> [WHAT TO DO] Reproduce only this stretch of the listing below: from the line with "City Music Reflected" through the line with "NWT Speedo One-Piece", exactly as written, with pictures excluded.

> [AVAILABLE DATA]
══════════════════════════════

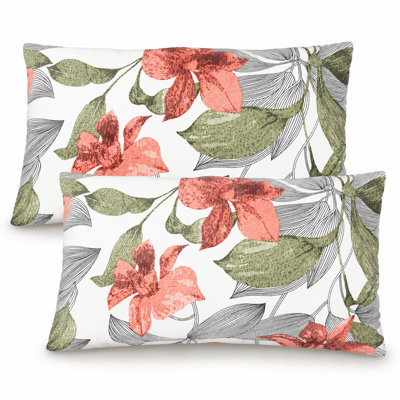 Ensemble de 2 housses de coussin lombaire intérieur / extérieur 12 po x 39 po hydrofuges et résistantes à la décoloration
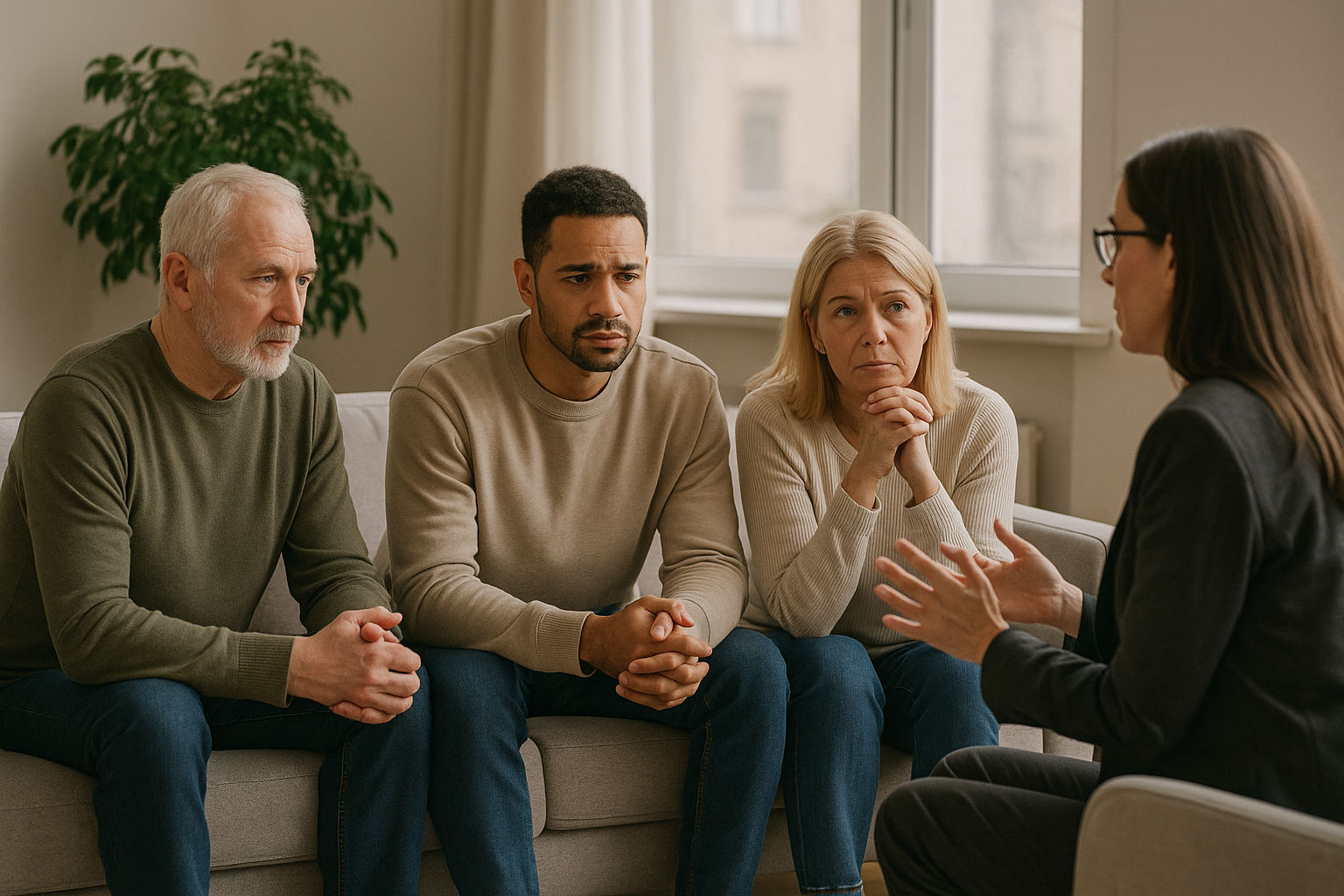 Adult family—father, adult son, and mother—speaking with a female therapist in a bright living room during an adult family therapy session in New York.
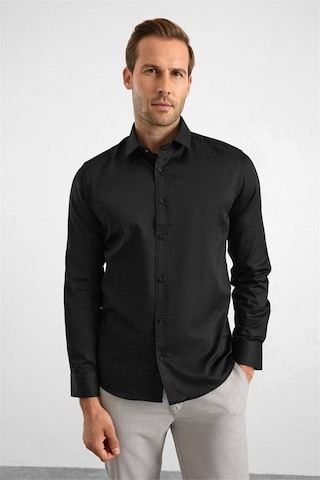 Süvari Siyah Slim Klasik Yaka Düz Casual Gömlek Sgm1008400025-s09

══════════════════════════════

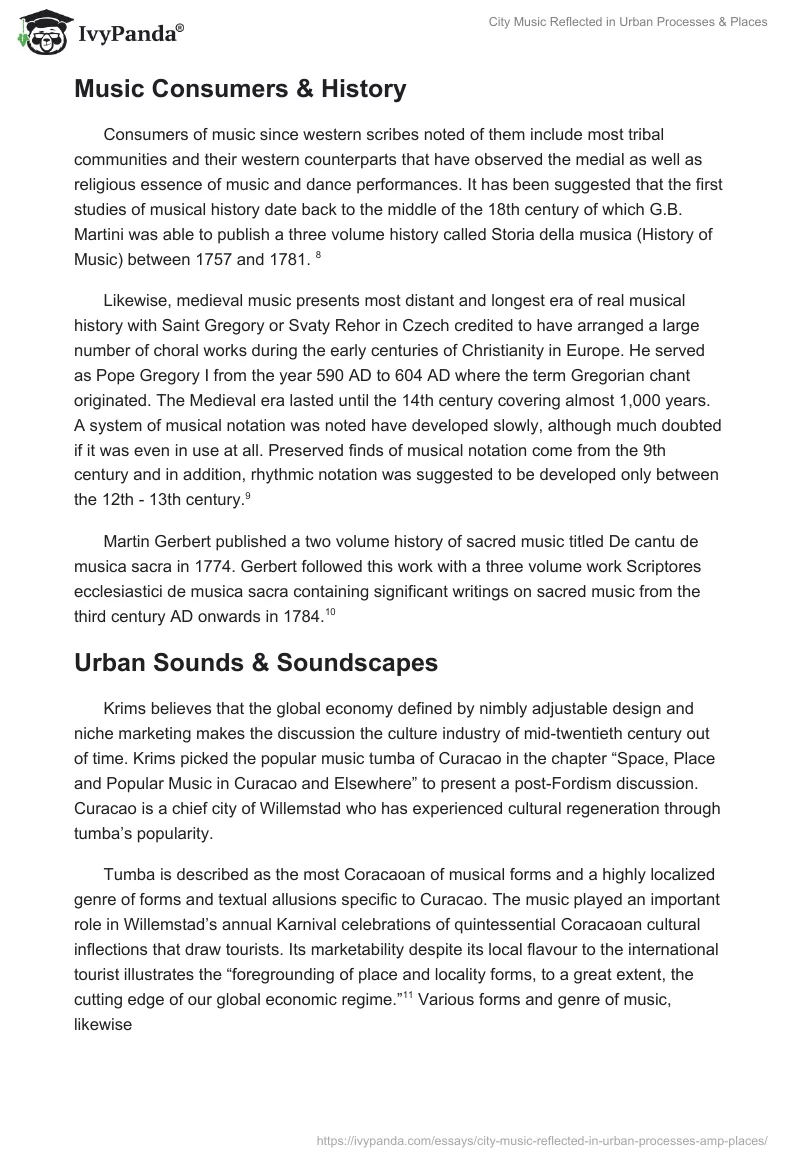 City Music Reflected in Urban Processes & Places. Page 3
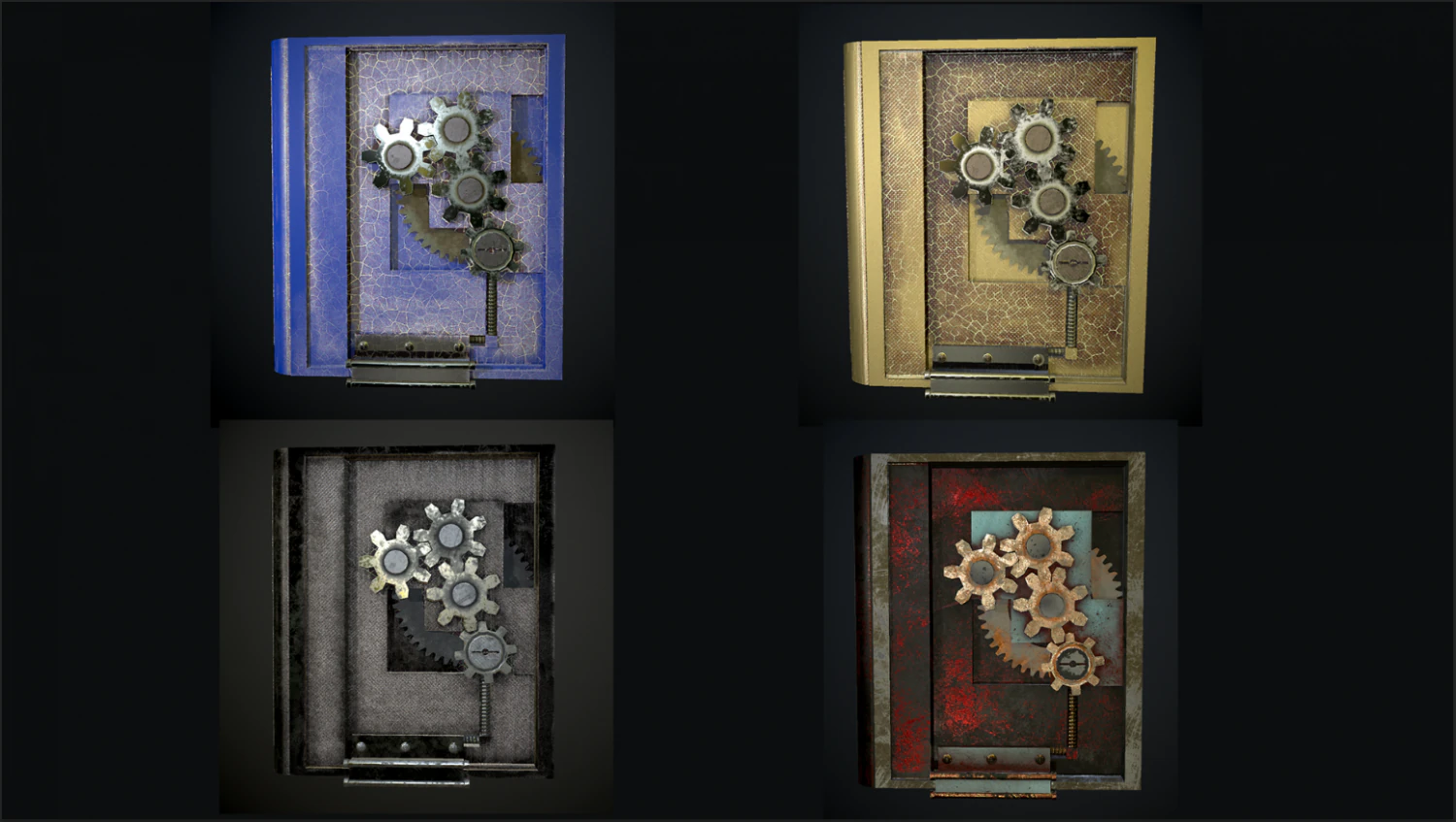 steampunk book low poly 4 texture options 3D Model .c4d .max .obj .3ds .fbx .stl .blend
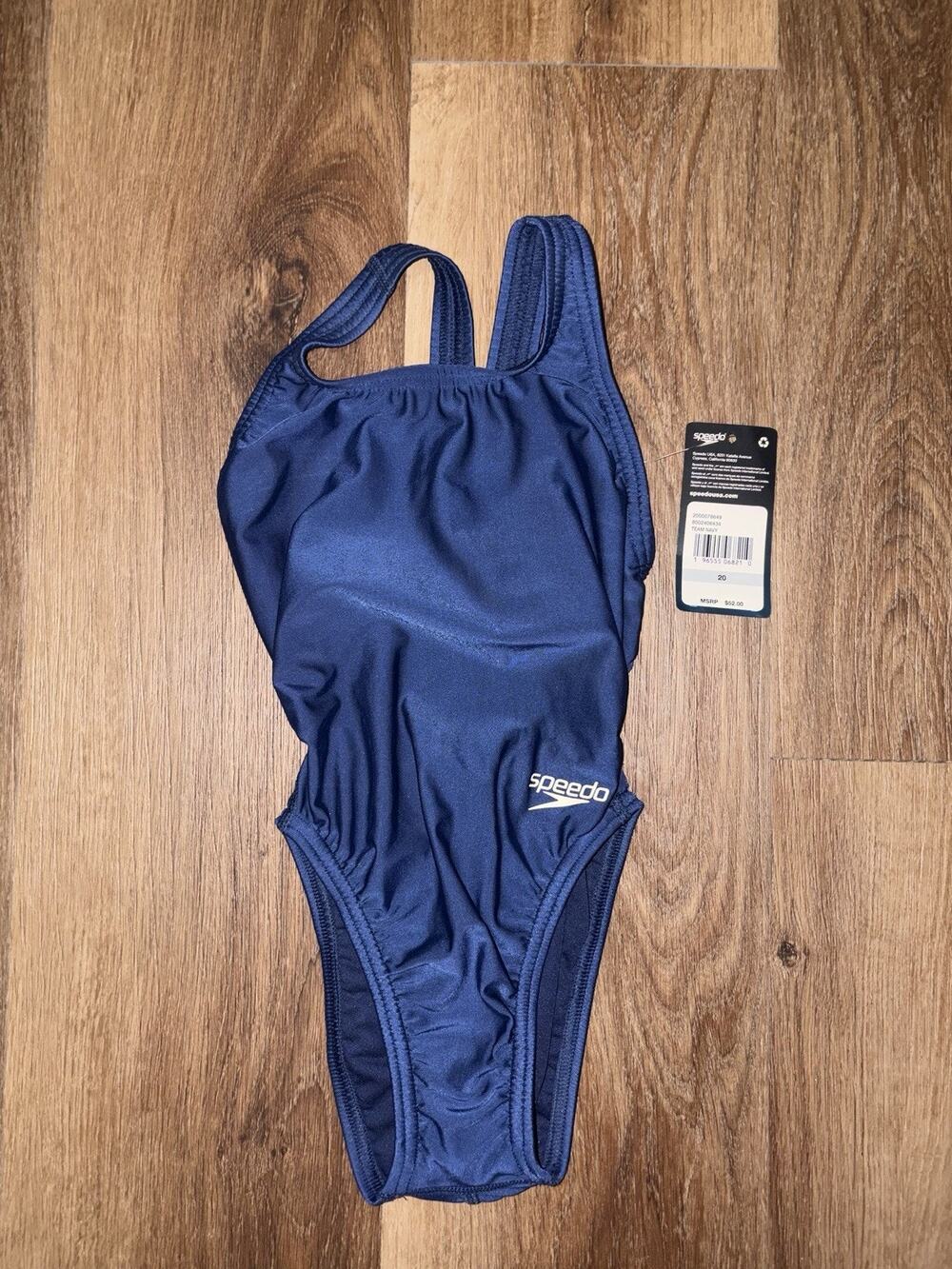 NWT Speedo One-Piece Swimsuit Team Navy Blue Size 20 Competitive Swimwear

══════════════════════════════

> [OUTPUT OF THE TASK]
 City Music Reflected in Urban Processes & Places. Page 3
 steampunk book low poly 4 texture options 3D Model .c4d .max .obj .3ds .fbx .stl .blend
 NWT Speedo One-Piece Swimsuit Team Navy Blue Size 20 Competitive Swimwear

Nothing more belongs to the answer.